The opening of chef Michael White’s Ristorante Morini on Madison Avenue in December 2013 as the higher-priced sibling to downtown’s Osteria Morini seemed to hew to an unstated high-ticket Madison Avenue tradition. But the globe-trotting chef was in for a surprise when locals balked at the menu pricing, prompting managing director Rocky Cirino to suggest dropping prices by 10 percent. Now, a friendlier price point, after-8:30 p.m. pasta specials meant to lure young patrons from east of Lexington Avenue and a takeout menu provide more options. Chef Gordon Finn says he looked at the most popular dishes — the pork chop, brodetto di pesce, veal chop and lobster al forgo — and has begun offering them as daily specials. The Sunday family-style supper ($49 per person, $25 for children) features three expertly prepared appetizers, mixed grill and warm bonboli for dessert; pasta-making classes and wine tastings are another draw. “That’s what being a neighborhood restaurant is all about,” says Finn.
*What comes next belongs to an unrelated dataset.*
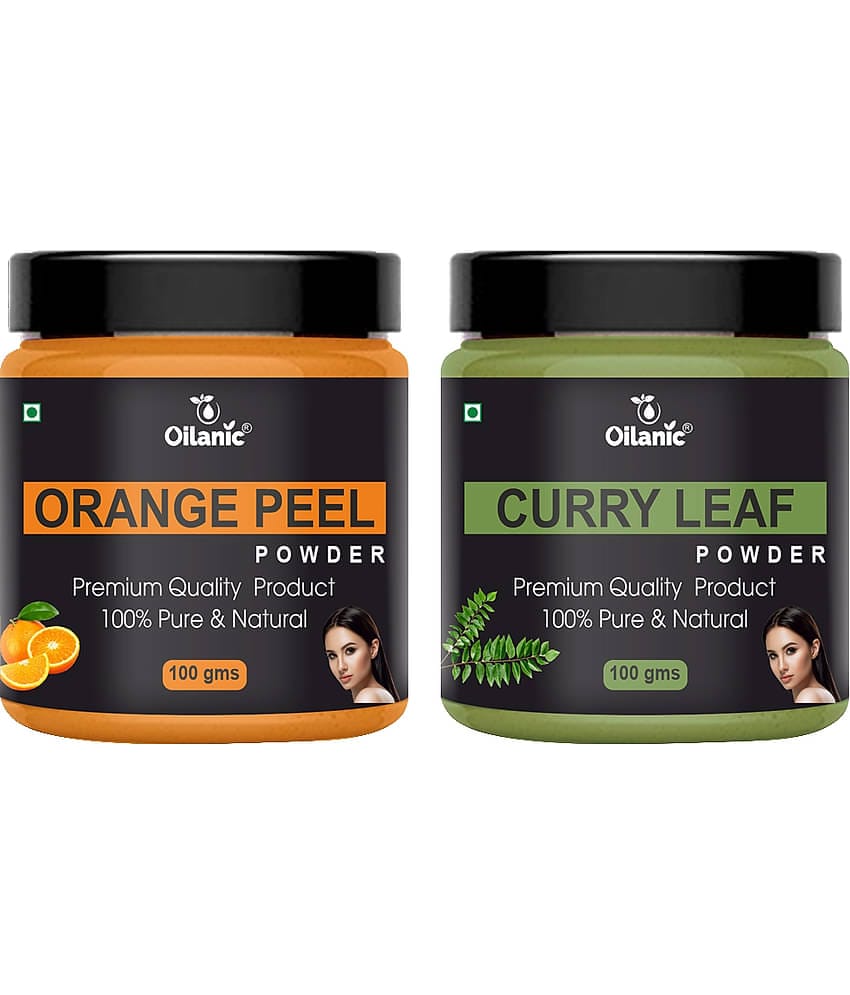Oilanic 100% Pure Orange Peel Powder & Curry Leaf Powder For Skin Hair Mask 200 g Pack of 2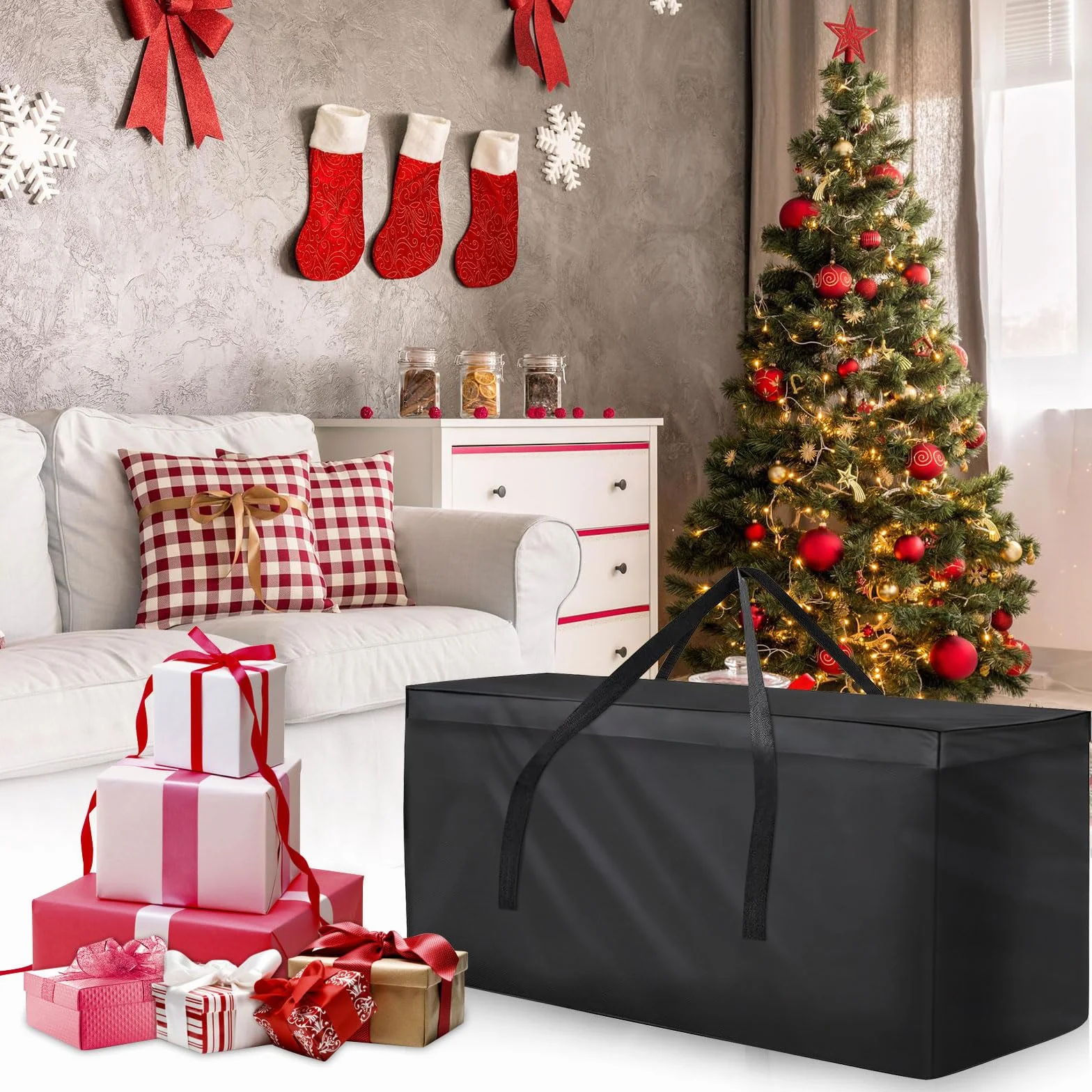 Borsa Albero Natale 600D Oxford Impermeabile Anti UV Custodia Cuscini Giardino 200x60x75 cm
Places like this: Paola’s, Sandro’s
Amid all the new, let’s not forget the Upper East Side of old. A number of quality holdovers remain, one of them the venerable vegan restaurant group that includes Candle Café and Candle 79 and has served four generations of Upper East Siders. When a former art dealer turned health nut named Bart Potenza took over a landmark, candle-filled juice bar at Lexington and 71st in 1984, he renamed it The Healthy Candle and expanded it from a juice bar and vitamin shop to a full-service vegetarian café. Teaming up with nutritionist and eventually his wife and partner Joy Pierson, the couple won $53,000 in the New York State lottery, allowing them to launch the first Candle Café in 1994, serving organic vegan fare and becoming the first certified green restaurant in the city (according to the Green Restaurant Association). The couple opened the more upscale Candle 79 in 2003, a serene, two-story temple to refined vegan and organic fare, where chefs Angel Ramos and Jorge Pineda turn out globally inspired food with produce from over a dozen local farms. Customer favorites include the seitan piccata with grilled asparagus, fingerling potatoes, oyster mushrooms, lemon caper sauce; Moroccan spiced chickpea wraps; polenta fries, and an extensive gluten-free menu.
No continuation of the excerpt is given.